- **INSTRUCTIONS TO FOLLOW**:
Every record must appear in the response exactly as given.

### MATERIAL PROVIDED ###

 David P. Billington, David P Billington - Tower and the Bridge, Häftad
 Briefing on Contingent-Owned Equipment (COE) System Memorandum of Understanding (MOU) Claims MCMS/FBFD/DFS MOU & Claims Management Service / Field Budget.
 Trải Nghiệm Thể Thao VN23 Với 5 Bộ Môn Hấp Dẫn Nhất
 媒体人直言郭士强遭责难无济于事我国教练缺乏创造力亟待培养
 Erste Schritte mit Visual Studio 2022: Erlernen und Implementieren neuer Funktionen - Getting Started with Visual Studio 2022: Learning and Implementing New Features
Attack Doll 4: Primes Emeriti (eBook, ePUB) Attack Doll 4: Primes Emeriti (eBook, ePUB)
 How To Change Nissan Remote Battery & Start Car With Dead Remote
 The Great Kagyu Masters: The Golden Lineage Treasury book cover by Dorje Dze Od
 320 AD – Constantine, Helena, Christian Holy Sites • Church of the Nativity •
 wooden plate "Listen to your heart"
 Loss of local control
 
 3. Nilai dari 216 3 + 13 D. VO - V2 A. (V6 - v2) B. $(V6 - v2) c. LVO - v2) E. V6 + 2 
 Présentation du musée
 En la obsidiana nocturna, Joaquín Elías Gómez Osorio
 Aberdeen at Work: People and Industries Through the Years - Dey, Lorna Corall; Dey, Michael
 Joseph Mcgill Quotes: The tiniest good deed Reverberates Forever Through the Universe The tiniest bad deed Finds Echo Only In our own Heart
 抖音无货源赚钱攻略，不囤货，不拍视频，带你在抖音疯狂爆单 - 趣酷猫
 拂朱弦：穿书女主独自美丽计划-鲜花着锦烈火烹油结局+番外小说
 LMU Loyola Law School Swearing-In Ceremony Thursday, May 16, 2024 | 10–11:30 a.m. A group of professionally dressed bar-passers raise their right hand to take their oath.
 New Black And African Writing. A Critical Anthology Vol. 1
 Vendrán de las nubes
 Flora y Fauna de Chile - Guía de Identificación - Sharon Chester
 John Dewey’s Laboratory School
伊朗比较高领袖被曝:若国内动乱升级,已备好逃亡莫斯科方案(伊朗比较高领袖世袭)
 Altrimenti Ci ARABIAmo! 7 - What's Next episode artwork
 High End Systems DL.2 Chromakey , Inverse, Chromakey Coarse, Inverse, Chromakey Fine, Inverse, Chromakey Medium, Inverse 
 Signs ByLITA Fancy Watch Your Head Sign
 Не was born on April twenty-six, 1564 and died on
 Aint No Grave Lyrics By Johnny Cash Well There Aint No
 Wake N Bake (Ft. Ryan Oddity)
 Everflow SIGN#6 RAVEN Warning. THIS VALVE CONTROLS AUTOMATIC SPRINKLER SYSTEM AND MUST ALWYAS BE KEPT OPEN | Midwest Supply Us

###

- **TASK RESULT**:
 David P. Billington, David P Billington - Tower and the Bridge, Häftad
 Briefing on Contingent-Owned Equipment (COE) System Memorandum of Understanding (MOU) Claims MCMS/FBFD/DFS MOU & Claims Management Service / Field Budget.
 Trải Nghiệm Thể Thao VN23 Với 5 Bộ Môn Hấp Dẫn Nhất
 媒体人直言郭士强遭责难无济于事我国教练缺乏创造力亟待培养
 Erste Schritte mit Visual Studio 2022: Erlernen und Implementieren neuer Funktionen - Getting Started with Visual Studio 2022: Learning and Implementing New Features
Attack Doll 4: Primes Emeriti (eBook, ePUB) Attack Doll 4: Primes Emeriti (eBook, ePUB)
 How To Change Nissan Remote Battery & Start Car With Dead Remote
 The Great Kagyu Masters: The Golden Lineage Treasury book cover by Dorje Dze Od
 320 AD – Constantine, Helena, Christian Holy Sites • Church of the Nativity •
 wooden plate "Listen to your heart"
 Loss of local control
 
 3. Nilai dari 216 3 + 13 D. VO - V2 A. (V6 - v2) B. $(V6 - v2) c. LVO - v2) E. V6 + 2 
 Présentation du musée
 En la obsidiana nocturna, Joaquín Elías Gómez Osorio
 Aberdeen at Work: People and Industries Through the Years - Dey, Lorna Corall; Dey, Michael
 Joseph Mcgill Quotes: The tiniest good deed Reverberates Forever Through the Universe The tiniest bad deed Finds Echo Only In our own Heart
 抖音无货源赚钱攻略，不囤货，不拍视频，带你在抖音疯狂爆单 - 趣酷猫
 拂朱弦：穿书女主独自美丽计划-鲜花着锦烈火烹油结局+番外小说
 LMU Loyola Law School Swearing-In Ceremony Thursday, May 16, 2024 | 10–11:30 a.m. A group of professionally dressed bar-passers raise their right hand to take their oath.
 New Black And African Writing. A Critical Anthology Vol. 1
 Vendrán de las nubes
 Flora y Fauna de Chile - Guía de Identificación - Sharon Chester
 John Dewey’s Laboratory School
伊朗比较高领袖被曝:若国内动乱升级,已备好逃亡莫斯科方案(伊朗比较高领袖世袭)
 Altrimenti Ci ARABIAmo! 7 - What's Next episode artwork
 High End Systems DL.2 Chromakey , Inverse, Chromakey Coarse, Inverse, Chromakey Fine, Inverse, Chromakey Medium, Inverse 
 Signs ByLITA Fancy Watch Your Head Sign
 Не was born on April twenty-six, 1564 and died on
 Aint No Grave Lyrics By Johnny Cash Well There Aint No
 Wake N Bake (Ft. Ryan Oddity)
 Everflow SIGN#6 RAVEN Warning. THIS VALVE CONTROLS AUTOMATIC SPRINKLER SYSTEM AND MUST ALWYAS BE KEPT OPEN | Midwest Supply Us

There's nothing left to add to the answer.